Keywords: 177Lu-DOTATATE, fluorodeoxyglucose-positron emission tomography/computed tomography, neuroendocrine tumor, peptide receptor radionuclide therapy, survival, treatment response, tumor grade


How to cite this article:
Adnan A, Sampathirao N, Basu S. Implications of fluorodeoxyglucose uptake in low-intermediate grade metastatic neuroendocrine tumors from peptide receptor radionuclide therapy outcome viewpoint: A semi-quantitative standardized uptake value-based analysis. World J Nucl Med 2019;18:389-95

How to cite this URL:
Adnan A, Sampathirao N, Basu S. Implications of fluorodeoxyglucose uptake in low-intermediate grade metastatic neuroendocrine tumors from peptide receptor radionuclide therapy outcome viewpoint: A semi-quantitative standardized uptake value-based analysis. World J Nucl Med [serial online] 2019 [cited 2020 Jan 29];18:389-95. Available from: http://www.wjnm.org/text.asp?2019/18/4/389/267189




   Introduction Top


Neuroendocrine tumors (NETs) are tumors arising from peptide and amine producing cells which are diffusely distributed throughout the body. NETs are indolent tumors and patients are usually asymptomatic till late; however, by the time NETs are detected; majority of patients have progressed to a stage IV disease. NETs are classified into three grades based on proliferative index: Mib-1/Ki 67 index according to WHO (2017) criteria.[1] Peptide receptor radionuclide therapy (PRRT) with177 Lu-DOTATATE has become a preferred treatment modality for patients of metastatic/advanced and inoperable well-differentiated NETs (G1 and G2: According to WHO classification of NET 2017[1] classified based on proliferative index-Ki-67/MiB-1 (%) and mitotic rate).

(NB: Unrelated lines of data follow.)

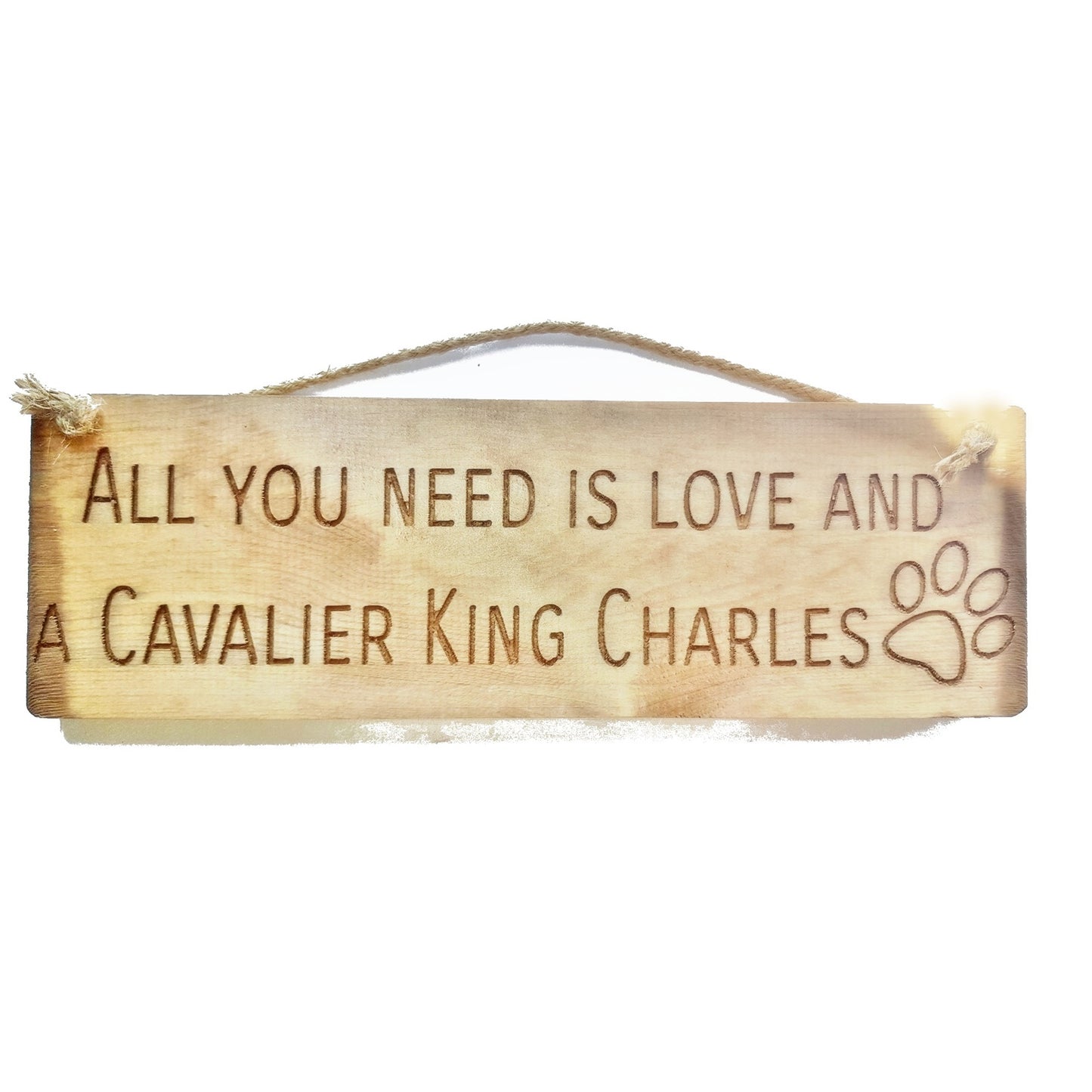 Rustic 30cm DOG Sign Natural "All You Need Is Love and a Cavalier King Charles"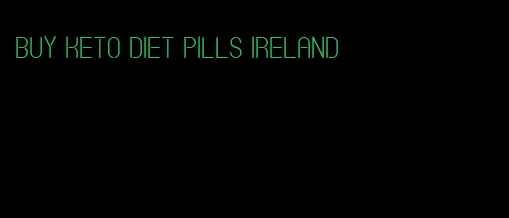 buy keto diet pills ireland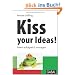 Kiss your Ideas!: Ideen erfolgreich managen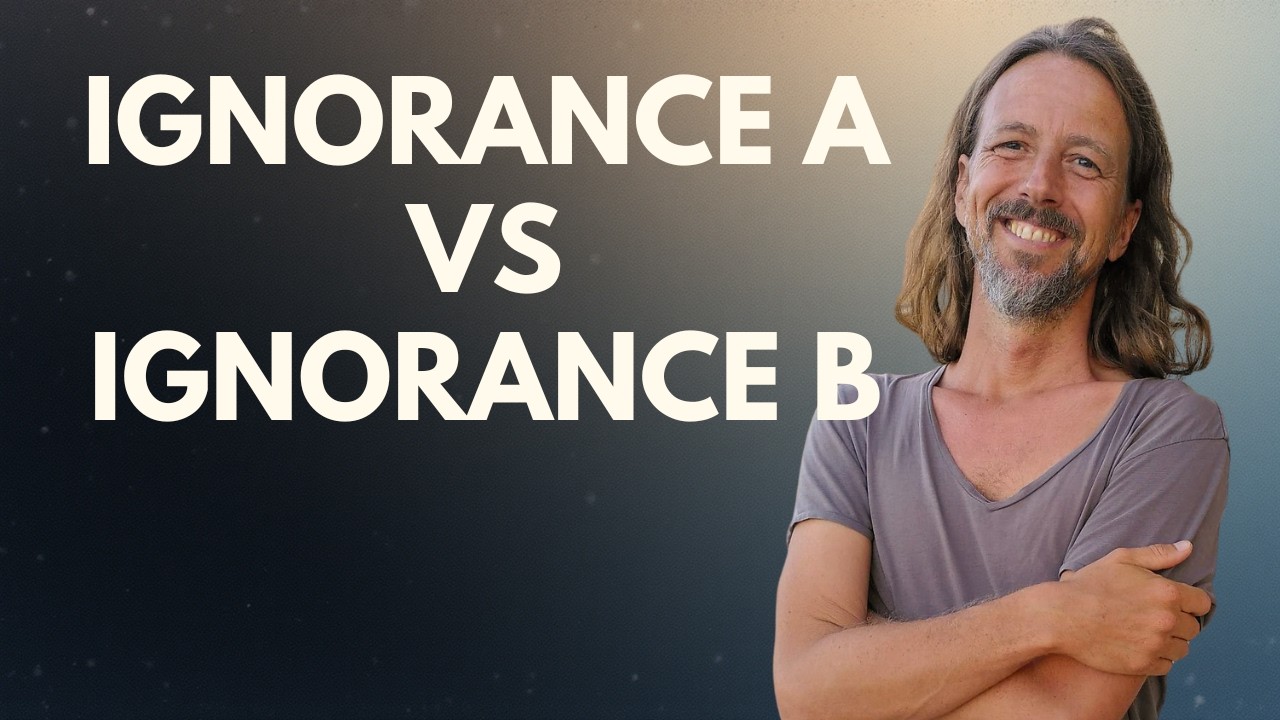 'Ignorance A' vs 'Ignorance B' - Thinking Who We Are is Not Knowing Who We Are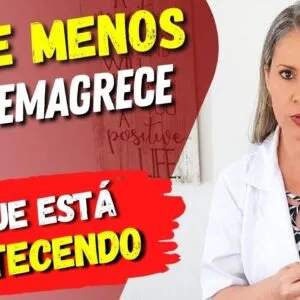 Você COME MENOS E NÃO EMAGRECE? O que está acontecendo? O que fazer?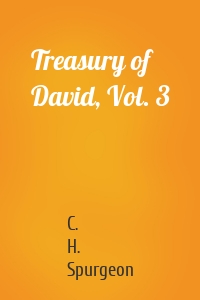 Treasury of David, Vol. 3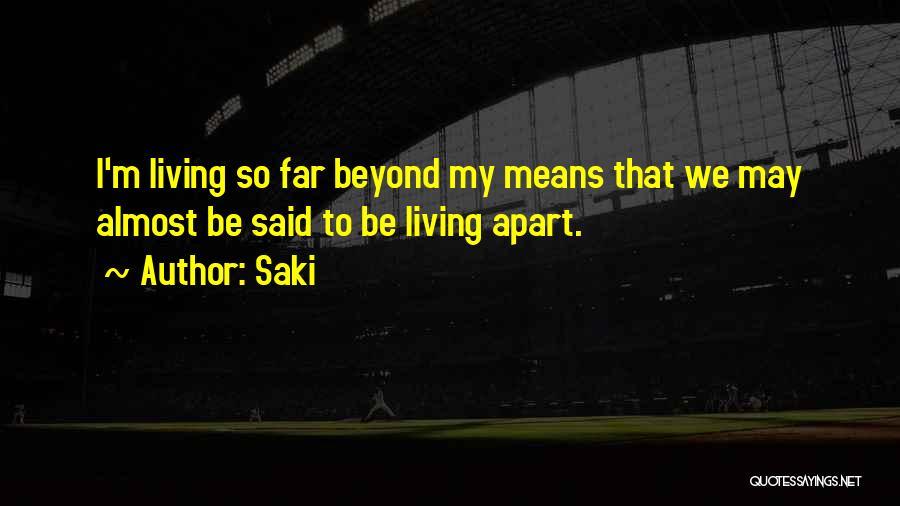 Saki Quotes: I'm Living So Far Beyond My Means That We May Almost Be Said To Be Living Apart.
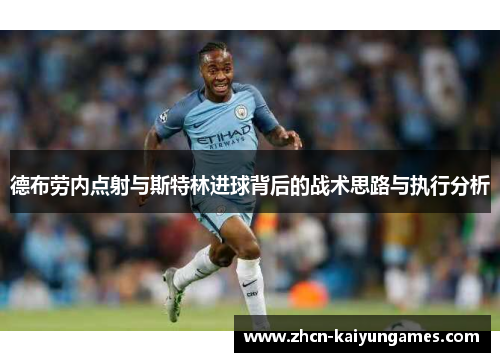 德布劳内点射与斯特林进球背后的战术思路与执行分析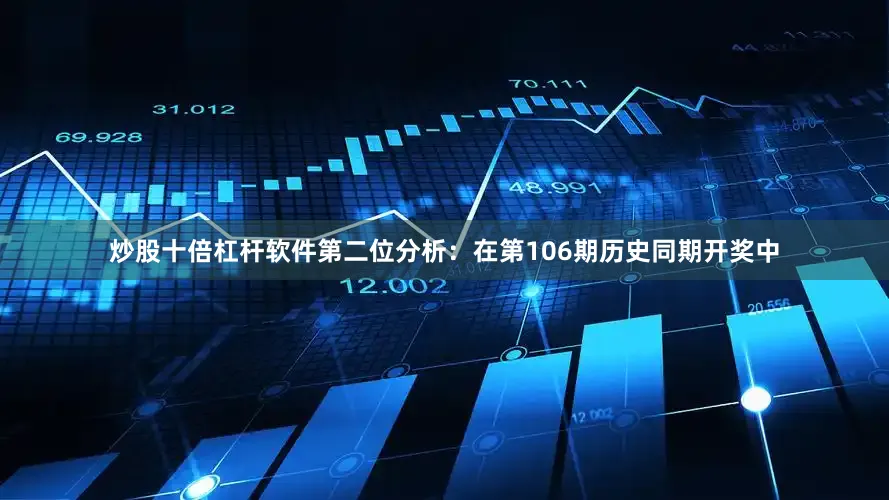 炒股十倍杠杆软件　　第二位分析：在第106期历史同期开奖中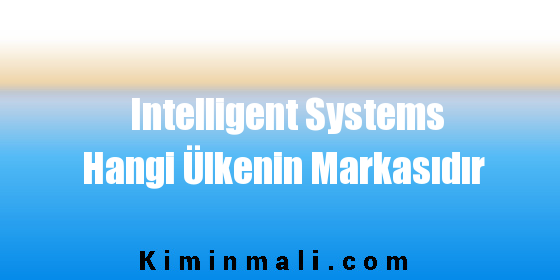 Intelligent Systems Hangi Ülkenin Markasıdır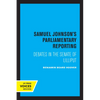 Samuel Johnson's Parliamentary Reporting: Debates in the Senate of Lilliput - Paperback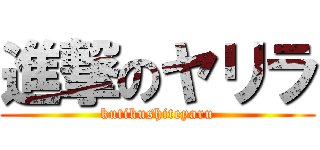 進撃のヤリラ (kutikushiteyaru)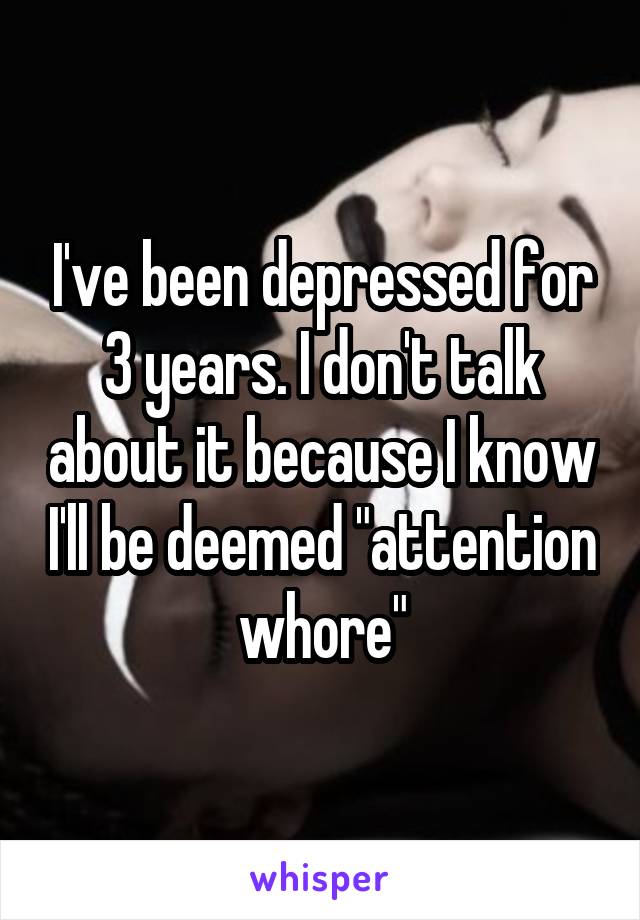 I've been depressed for 3 years. I don't talk about it because I know I'll be deemed "attention whore"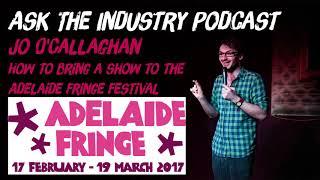 EP90 – Jo O'Callaghan - How to bring a show to the Adelaide Fringe Festival.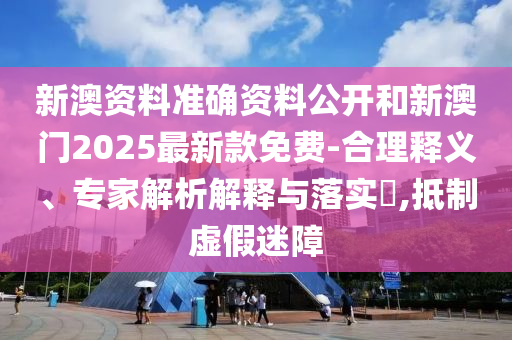 新澳資料準(zhǔn)確資料公開和新澳門2025最新款免費(fèi)-合理釋義、專家解析解釋與落實(shí)?,抵制虛假迷障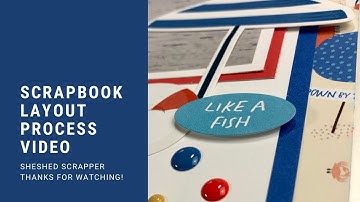 Scrapbook Layout Process Video using NEW Beach Party Collection from Close To My Heart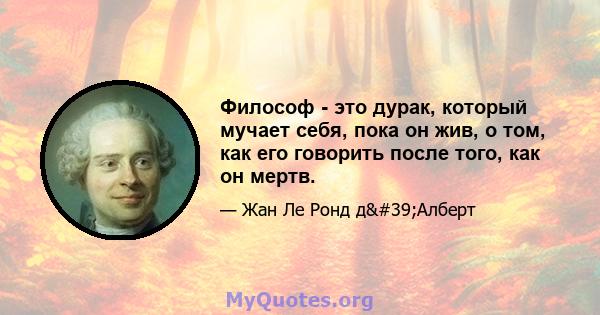 Философ - это дурак, который мучает себя, пока он жив, о том, как его говорить после того, как он мертв.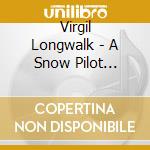 Virgil Longwalk - A Snow Pilot Ponders The Great Alger County Snow Redistibution Movement cd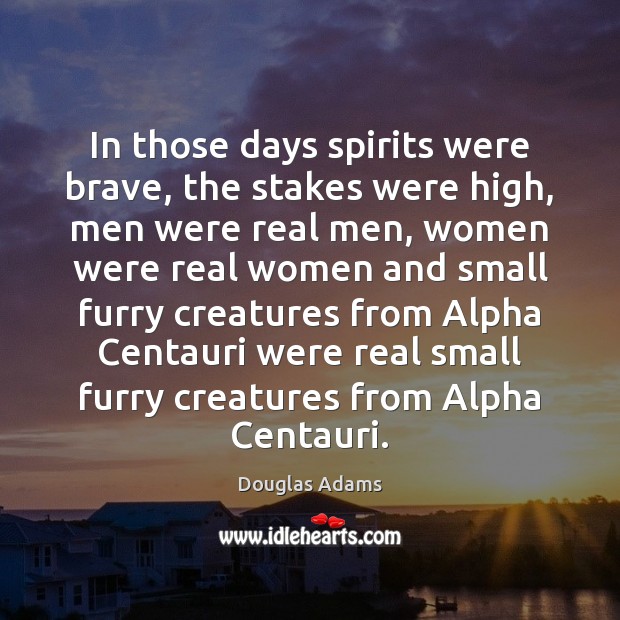 In those days spirits were brave, the stakes were high, men were Douglas Adams Picture Quote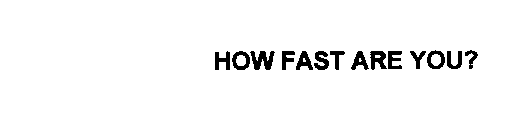 HOW FAST ARE YOU?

The definitive treatment is surgical;[2] however, in cases of inoperable or metastatic disease, PRRT has emerged as the treatment modality of choice. The pretreatment requisites of PRRT are a definitive histopathological diagnosis of NET (preferably with low-to-intermediate proliferative index) with good somatostatin receptor (SSTR) expression (at least equal to or greater than that of normal liver, Krenning score 2 or more) demonstrated on SSTR-based molecular imaging.

Dual tracer positron emission tomography (PET) imaging approach[3] with68 Ga-DOTATATE (for SSTR expression) and 18-fluorodeoxyglucose (18 FDG) (for glucose transporter [GLUT] receptor to assess metabolic behavior) plays a vital role in baseline assessment followed by response evaluation and has well established benefits in therapeutic decision-making. The Grade 1 and Grade 2 NETs, which are the well and moderately differentiated respectively, show more SSTR expression as compared to the poorly differentiated (Grade 3) lesions. On FDG PET- computed tomography (CT), the trend is opposite with poorly differentiated/high-grade (G3) NETs usually showing high-grade or intense FDG uptake with low-grade SSTR expression (low DOTANOC/DOTATATE uptake and poor differentiation) and carry poor prognosis as compared to the well-differentiated tumors which show otherwise.[4] Hence, FDG uptake is often used as an important prognostic marker in these patients.

Furthermore, the baseline metabolic activity (FDG uptake) of low- and intermediate-grade tumors has prognostic implications; those with high-FDG metabolic activity show a poor response to PRRT alone in contrast to non-FDG avid tumors. In clinical practice, the attending physicians come across a number of patients having low-/intermediate-grade NETs (Ki 67 index ≤20%) showing high FDG avidity in spite of their low-/intermediate-proliferation characteristics, contradicting the expected functional imaging findings. The premise of the study was that it would be worthwhile to observe and analyze the tumor behavior in these groups of patients including studying the treatment outcome in a large volume PRRT setting.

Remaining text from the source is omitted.